== Segment start ==

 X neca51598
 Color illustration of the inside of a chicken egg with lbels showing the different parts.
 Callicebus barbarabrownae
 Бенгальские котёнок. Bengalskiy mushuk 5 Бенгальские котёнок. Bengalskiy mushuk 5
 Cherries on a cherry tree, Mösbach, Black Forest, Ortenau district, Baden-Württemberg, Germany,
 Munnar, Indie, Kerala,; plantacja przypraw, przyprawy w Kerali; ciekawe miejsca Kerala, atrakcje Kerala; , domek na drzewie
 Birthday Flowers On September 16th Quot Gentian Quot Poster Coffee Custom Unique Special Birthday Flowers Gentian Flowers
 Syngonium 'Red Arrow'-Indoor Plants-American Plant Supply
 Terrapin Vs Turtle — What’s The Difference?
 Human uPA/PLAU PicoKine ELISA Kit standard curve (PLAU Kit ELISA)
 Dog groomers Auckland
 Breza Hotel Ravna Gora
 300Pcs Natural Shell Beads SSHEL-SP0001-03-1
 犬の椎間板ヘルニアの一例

== Segment end ==

● **EXERCISE PROMPT**
Nothing beyond the line that contains "Munnar, Indie, Kerala,;" belongs in the answer; reproduce the entries exactly from their first line through it.

● **ANSWER FOR THE TASK**
 X neca51598
 Color illustration of the inside of a chicken egg with lbels showing the different parts.
 Callicebus barbarabrownae
 Бенгальские котёнок. Bengalskiy mushuk 5 Бенгальские котёнок. Bengalskiy mushuk 5
 Cherries on a cherry tree, Mösbach, Black Forest, Ortenau district, Baden-Württemberg, Germany,
 Munnar, Indie, Kerala,; plantacja przypraw, przyprawy w Kerali; ciekawe miejsca Kerala, atrakcje Kerala; , domek na drzewie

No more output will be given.